[[ Provided information open ]]
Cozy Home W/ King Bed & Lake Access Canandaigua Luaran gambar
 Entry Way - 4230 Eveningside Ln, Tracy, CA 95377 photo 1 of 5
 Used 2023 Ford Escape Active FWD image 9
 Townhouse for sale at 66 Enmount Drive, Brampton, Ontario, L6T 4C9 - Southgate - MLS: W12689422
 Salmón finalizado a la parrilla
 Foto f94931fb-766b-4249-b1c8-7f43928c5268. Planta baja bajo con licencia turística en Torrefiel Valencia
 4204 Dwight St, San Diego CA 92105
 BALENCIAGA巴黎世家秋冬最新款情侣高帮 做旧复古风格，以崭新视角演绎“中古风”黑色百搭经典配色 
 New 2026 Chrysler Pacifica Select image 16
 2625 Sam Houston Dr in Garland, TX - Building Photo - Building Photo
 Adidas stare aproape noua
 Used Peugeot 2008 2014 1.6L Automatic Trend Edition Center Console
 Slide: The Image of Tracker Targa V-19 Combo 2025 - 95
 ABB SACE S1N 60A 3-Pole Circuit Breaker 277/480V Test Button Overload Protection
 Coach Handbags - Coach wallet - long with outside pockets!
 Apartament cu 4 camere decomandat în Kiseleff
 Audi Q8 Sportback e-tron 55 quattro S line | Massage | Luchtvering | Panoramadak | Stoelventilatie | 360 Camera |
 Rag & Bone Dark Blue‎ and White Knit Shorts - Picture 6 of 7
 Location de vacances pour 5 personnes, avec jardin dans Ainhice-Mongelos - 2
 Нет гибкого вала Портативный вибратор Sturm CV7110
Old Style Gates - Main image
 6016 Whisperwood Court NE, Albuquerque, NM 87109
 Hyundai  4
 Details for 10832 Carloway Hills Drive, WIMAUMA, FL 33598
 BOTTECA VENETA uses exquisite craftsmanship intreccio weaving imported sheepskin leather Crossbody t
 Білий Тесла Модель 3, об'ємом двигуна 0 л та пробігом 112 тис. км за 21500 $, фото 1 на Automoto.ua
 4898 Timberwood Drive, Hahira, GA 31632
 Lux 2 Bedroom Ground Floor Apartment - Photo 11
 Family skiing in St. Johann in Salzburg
[[ Provided information closed ]]
From the first line to the last, return the records unchanged.

Cozy Home W/ King Bed & Lake Access Canandaigua Luaran gambar
 Entry Way - 4230 Eveningside Ln, Tracy, CA 95377 photo 1 of 5
 Used 2023 Ford Escape Active FWD image 9
 Townhouse for sale at 66 Enmount Drive, Brampton, Ontario, L6T 4C9 - Southgate - MLS: W12689422
 Salmón finalizado a la parrilla
 Foto f94931fb-766b-4249-b1c8-7f43928c5268. Planta baja bajo con licencia turística en Torrefiel Valencia
 4204 Dwight St, San Diego CA 92105
 BALENCIAGA巴黎世家秋冬最新款情侣高帮 做旧复古风格，以崭新视角演绎“中古风”黑色百搭经典配色 
 New 2026 Chrysler Pacifica Select image 16
 2625 Sam Houston Dr in Garland, TX - Building Photo - Building Photo
 Adidas stare aproape noua
 Used Peugeot 2008 2014 1.6L Automatic Trend Edition Center Console
 Slide: The Image of Tracker Targa V-19 Combo 2025 - 95
 ABB SACE S1N 60A 3-Pole Circuit Breaker 277/480V Test Button Overload Protection
 Coach Handbags - Coach wallet - long with outside pockets!
 Apartament cu 4 camere decomandat în Kiseleff
 Audi Q8 Sportback e-tron 55 quattro S line | Massage | Luchtvering | Panoramadak | Stoelventilatie | 360 Camera |
 Rag & Bone Dark Blue‎ and White Knit Shorts - Picture 6 of 7
 Location de vacances pour 5 personnes, avec jardin dans Ainhice-Mongelos - 2
 Нет гибкого вала Портативный вибратор Sturm CV7110
Old Style Gates - Main image
 6016 Whisperwood Court NE, Albuquerque, NM 87109
 Hyundai  4
 Details for 10832 Carloway Hills Drive, WIMAUMA, FL 33598
 BOTTECA VENETA uses exquisite craftsmanship intreccio weaving imported sheepskin leather Crossbody t
 Білий Тесла Модель 3, об'ємом двигуна 0 л та пробігом 112 тис. км за 21500 $, фото 1 на Automoto.ua
 4898 Timberwood Drive, Hahira, GA 31632
 Lux 2 Bedroom Ground Floor Apartment - Photo 11
 Family skiing in St. Johann in Salzburg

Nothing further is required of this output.